Problem requirements → Take the line that contains "La provincia entregará" and each line after it to the end of the data below, and set them down exactly, omitting pictures.

(Crawled caption data)

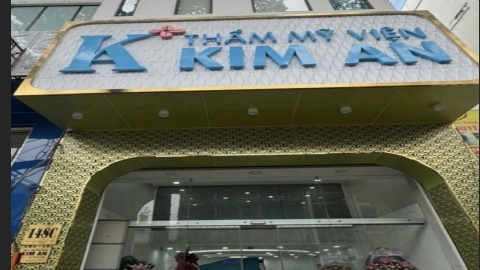 TP. Hồ Chí Minh: Thẩm mỹ viện Kim An và MIN Beauty Academy phẫu thuật thẩm mỹ trái phép, gây tai biến nặng cho khách hàng, trốn tránh trách nhiệm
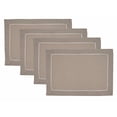 thumbnail image 6 of Fennco Styles Classic Hemstitch Design Table Linen Collection for Home DÃ©cor, Dining Table, Banquets, Holidays, 6 of 9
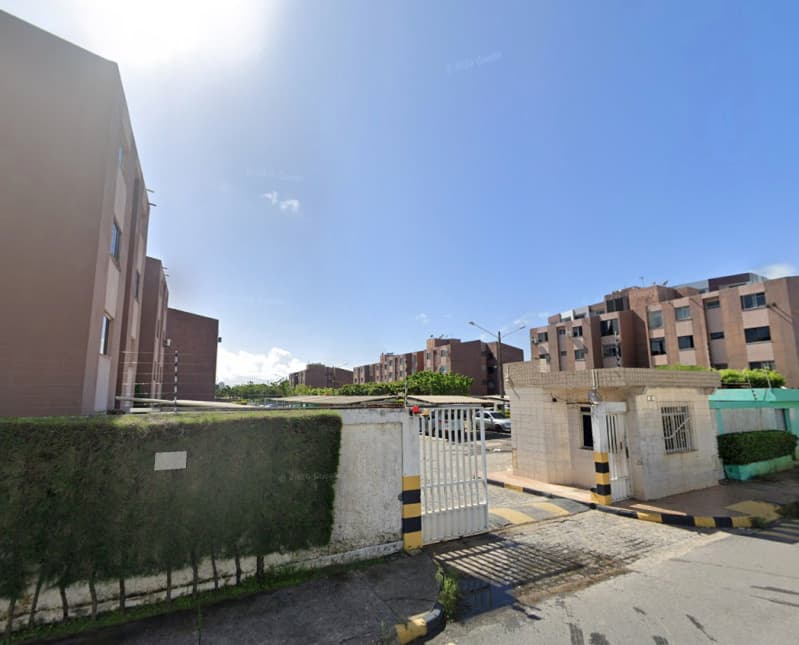 Foto 1 de 2: Apartamento em leilão em Aracaju - SE, bairro Coroa do Meio — LOTE 001 APARTAMENTO - CONDOMÍNIO RESIDENCIAL PHILADELPHIA - EDIFÍCIO "SANSON" - BAIRRO COROA DO MEI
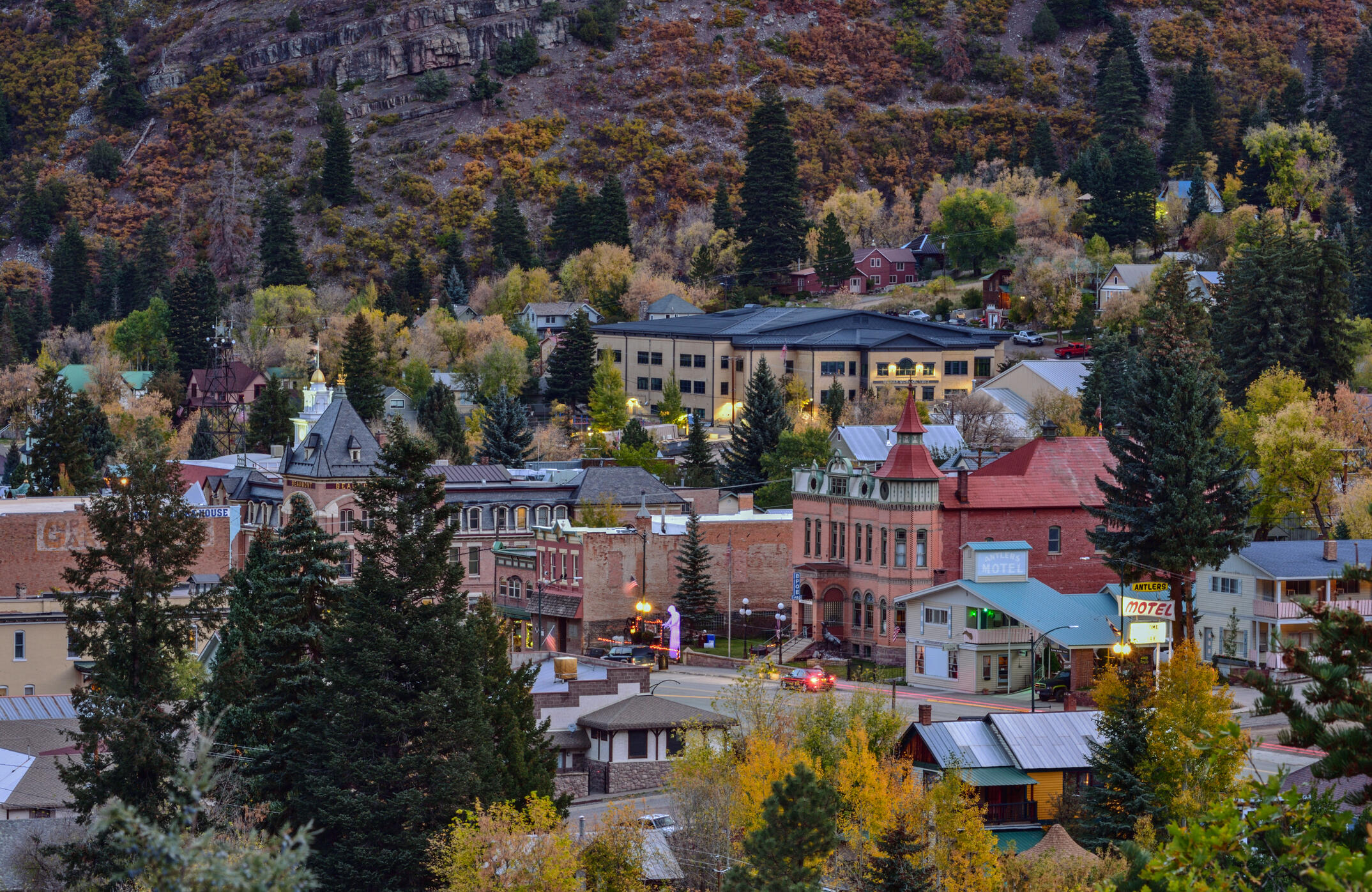 See Why This Colorado Town Is Called 'Little Switzerland' | iHeart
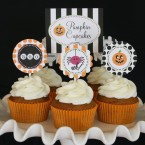 Pumpkin Cupcakes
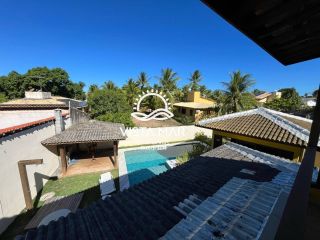 Casa Exclusiva no Condomínio Enseada da Praia da Espera – Itacimirim | Sofisticação à Beira-Mar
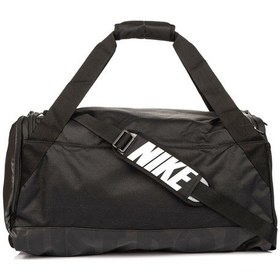 Resim Nike Unisex Çanta - Nk Brsla M Duff - Ba5334-010 No Color 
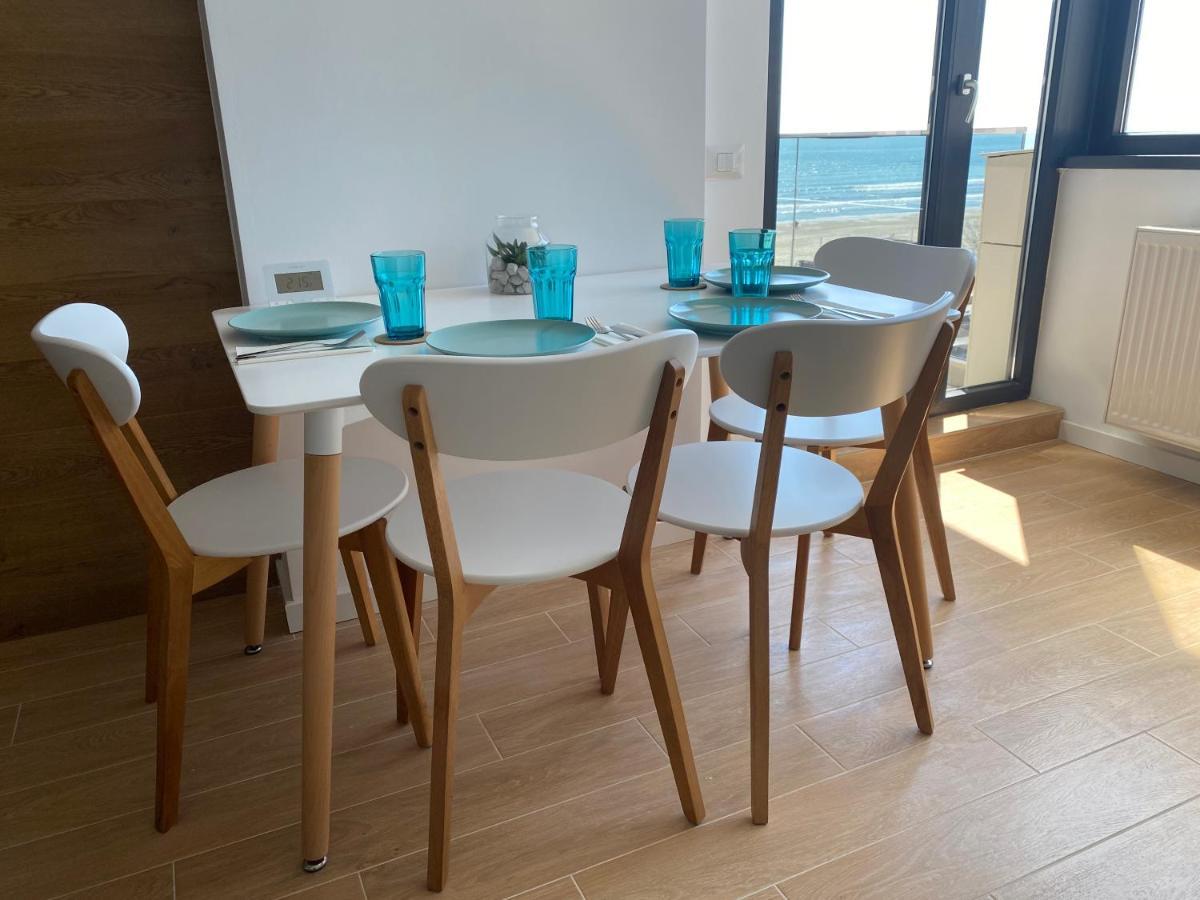 Năvodari Richy By The Sea Apartment מראה חיצוני תמונה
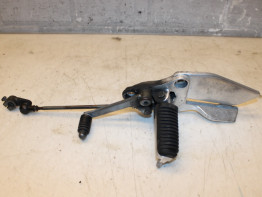 Schetsplaat links Yamaha XJ 900 S Diversion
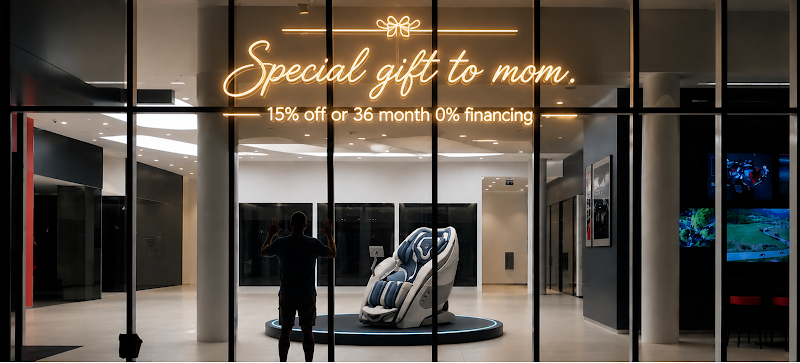 Orlando Luxury Massage Chairs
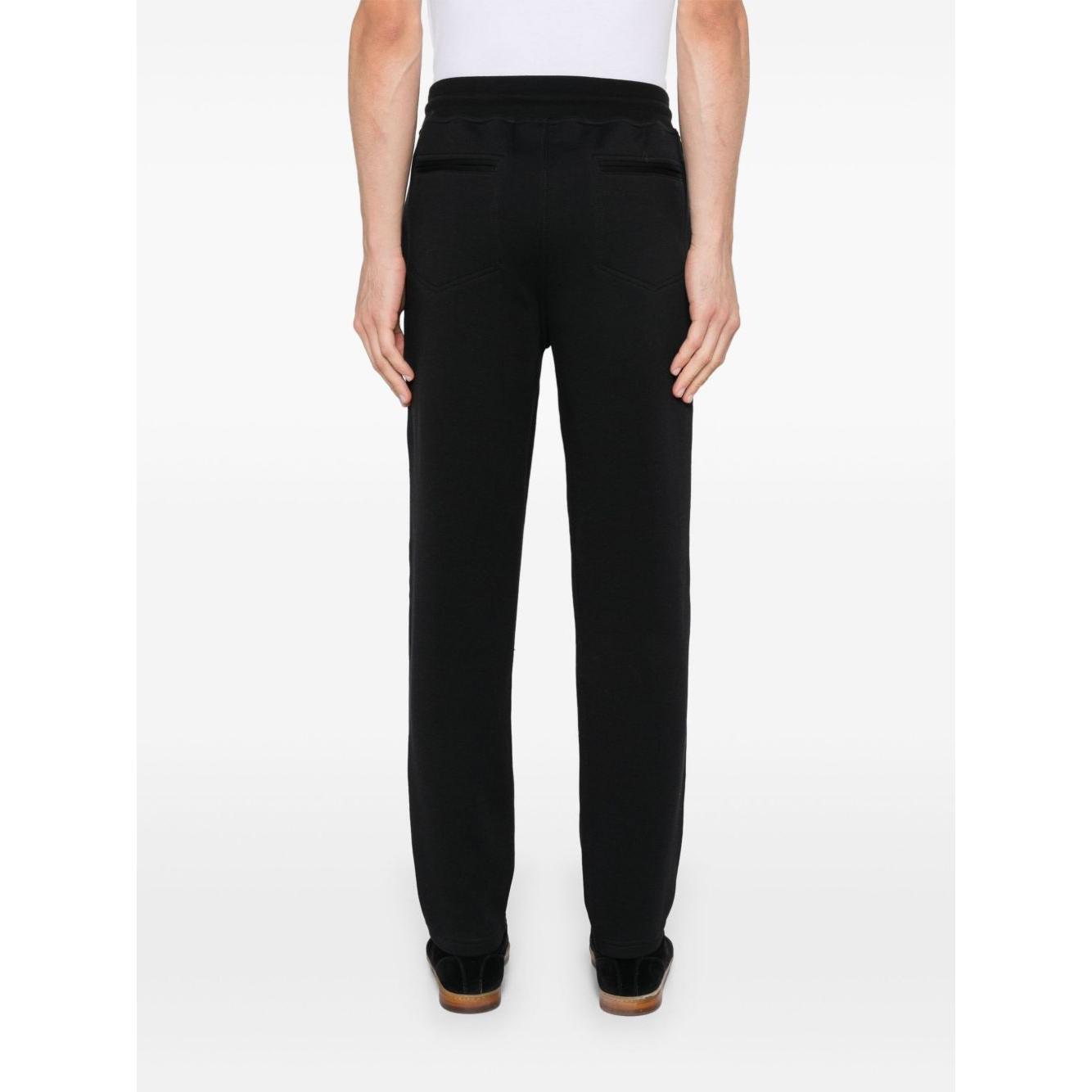Brunello Cucinelli Trousers Black MM8313243GC101-AI25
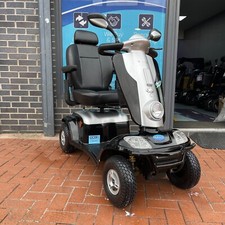 Used Electric Mobility Scooter Kymco Maxi XLS 8mph All Terrain Heavy Duty 85ah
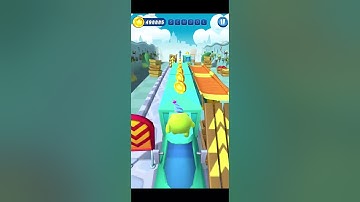 Om Nom: Run  - Gameplay Walkthrough CHAPTER 7  Round 61 - Tutorial (iOS, Android) #Shorts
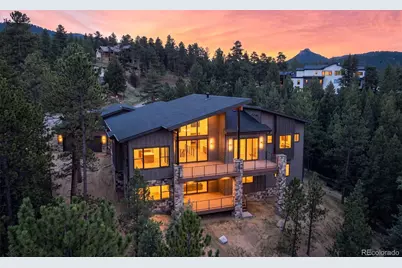 5197 Mountain Vista Lane, Evergreen, CO 80439 - Photo 7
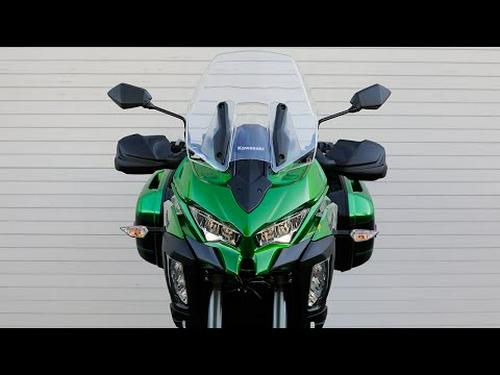 2020 Kawasaki Versys 1000 SE LT MC Commute Review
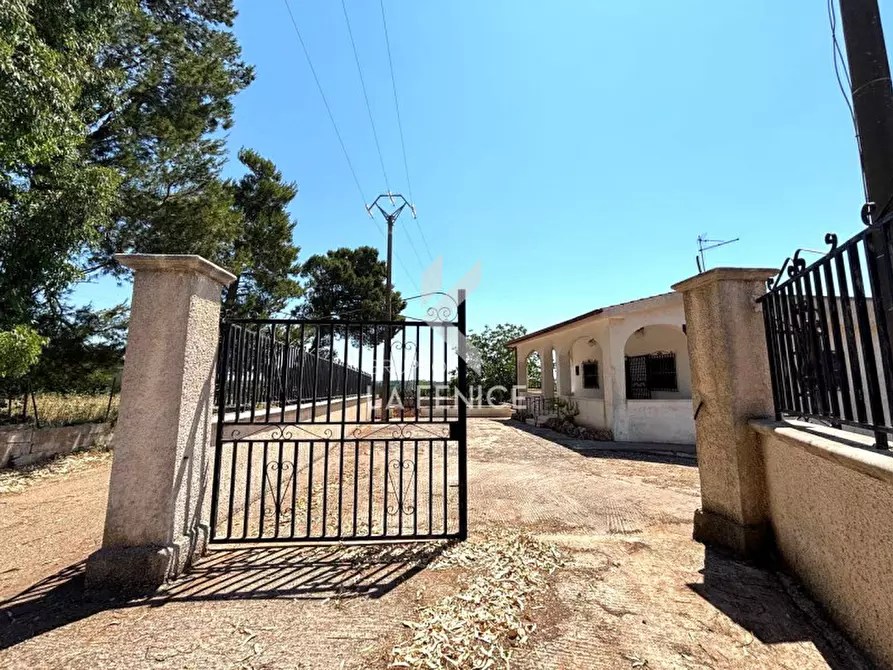 Immagine 3 di Villa in vendita  in STRADA PORCILE PALESI a Martina Franca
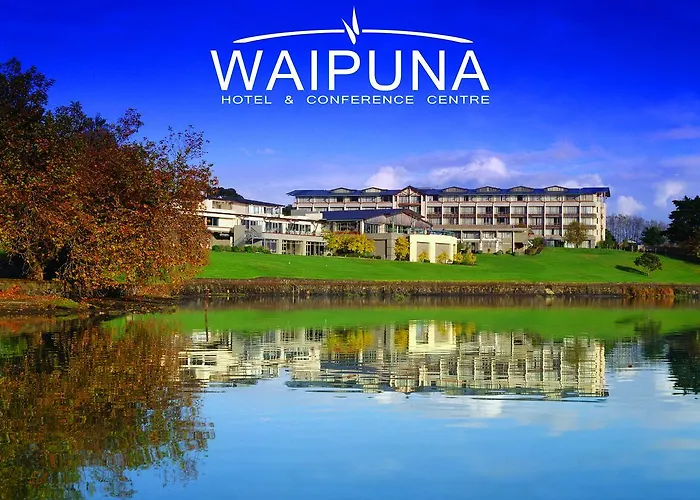 Waipuna Hotel & Conference Centre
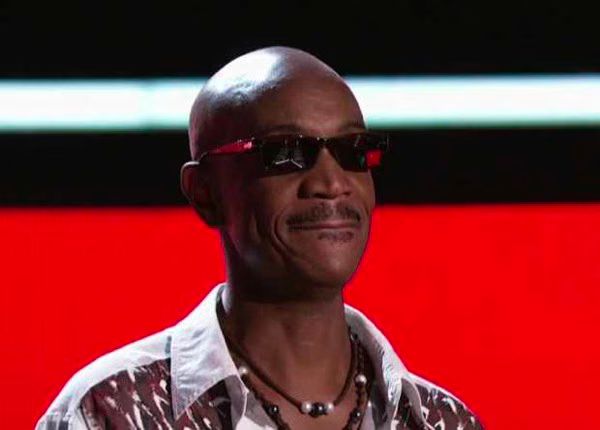Geoff McBride  Higher Ground  The Voice Blind Audition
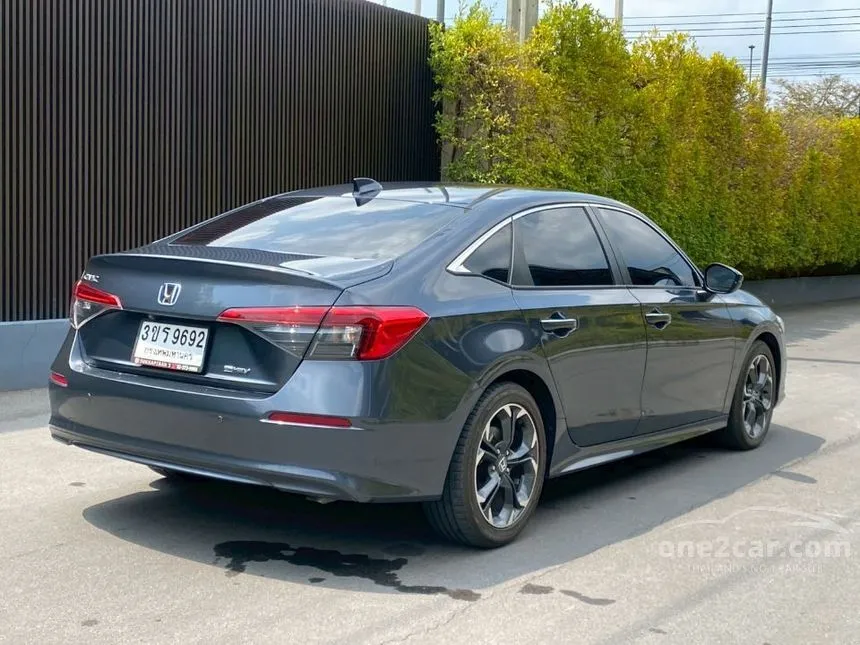 2022 Honda CIVIC e:HEV EL+ Sedan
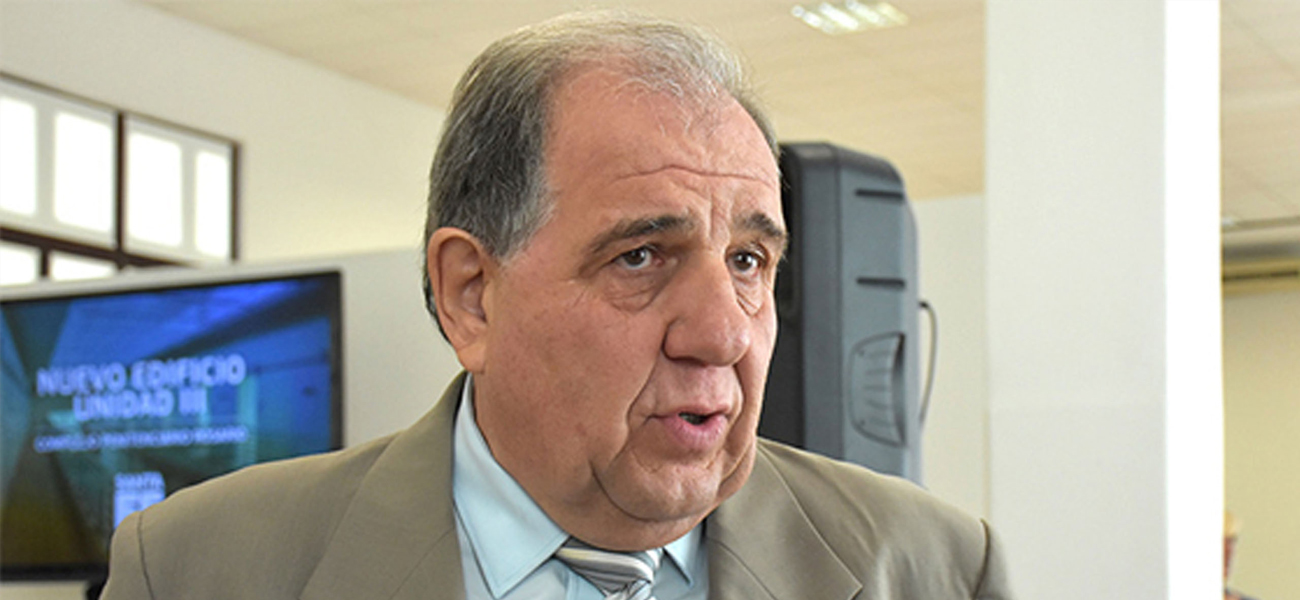 La provincia entregará aportes para el traslado de Maestranza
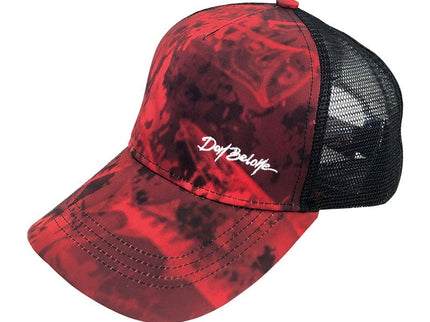 Fishus Lures Mesh Baseball Cap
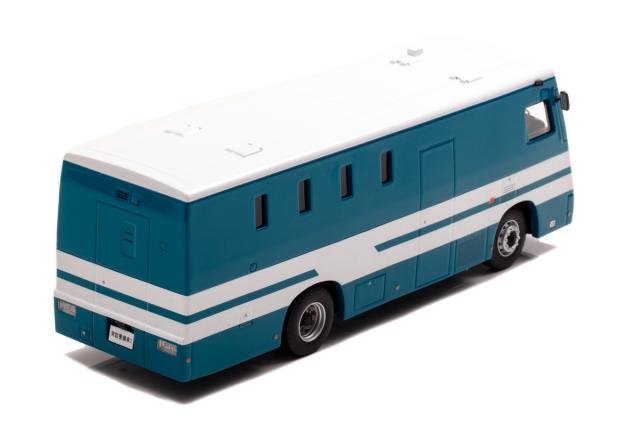 ヒコセブン 1/43 2020 警察本部警備部機動隊常駐警備車両 H7432009の通販は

Solution to this exercise →
 La provincia entregará aportes para el traslado de Maestranza
 Fishus Lures Mesh Baseball Cap
 ヒコセブン 1/43 2020 警察本部警備部機動隊常駐警備車両 H7432009の通販は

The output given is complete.